= PROBLEM =
Retype the listing exactly, with no images.

= INFORMATION SHOWN =
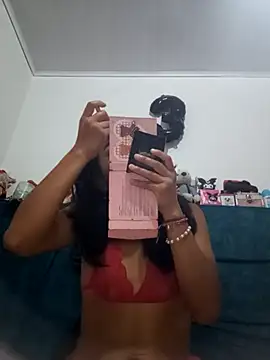 VaneMoon online show from April 29, 10:30 am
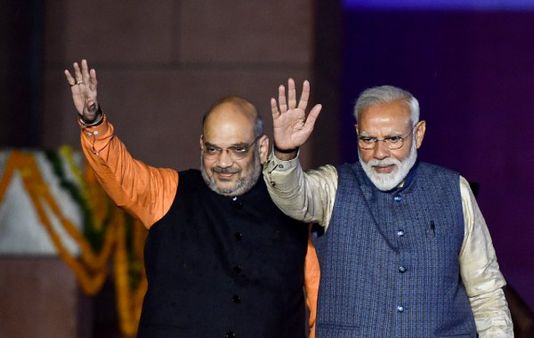 7th Pay Commission: न्यू ईयर से पहले 50 लाख केंद्रीय कर्मियों को मिलेगी खुशखबरी, 10 नवंबर को मोदी सरकार लेगी बड़ा फैसला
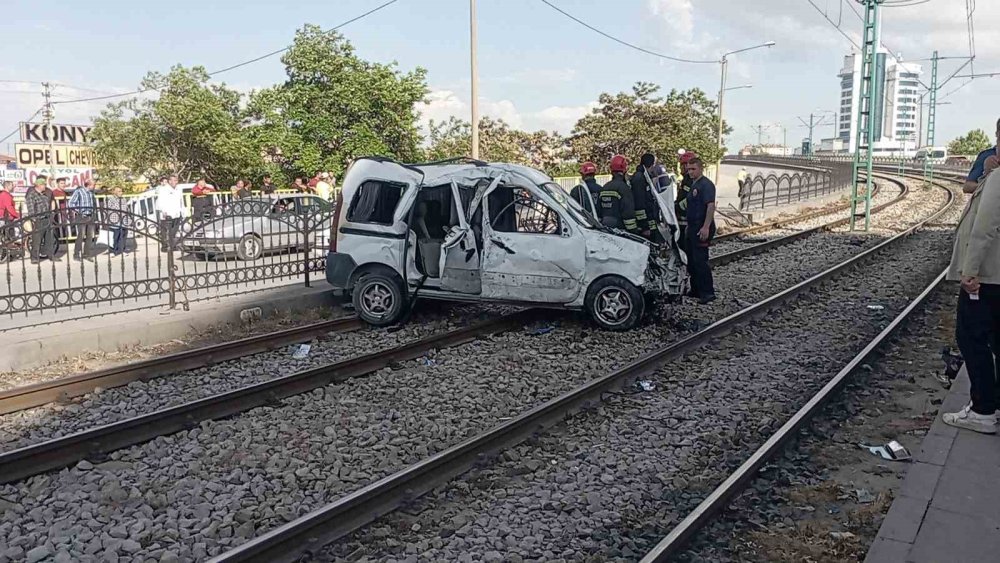 Konya'da kontrolden çıkan araç tramvay yoluna girdi: 3 yaralı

= ANSWER TO THIS EXERCISE =
 VaneMoon online show from April 29, 10:30 am
 7th Pay Commission: न्यू ईयर से पहले 50 लाख केंद्रीय कर्मियों को मिलेगी खुशखबरी, 10 नवंबर को मोदी सरकार लेगी बड़ा फैसला
 Konya'da kontrolden çıkan araç tramvay yoluna girdi: 3 yaralı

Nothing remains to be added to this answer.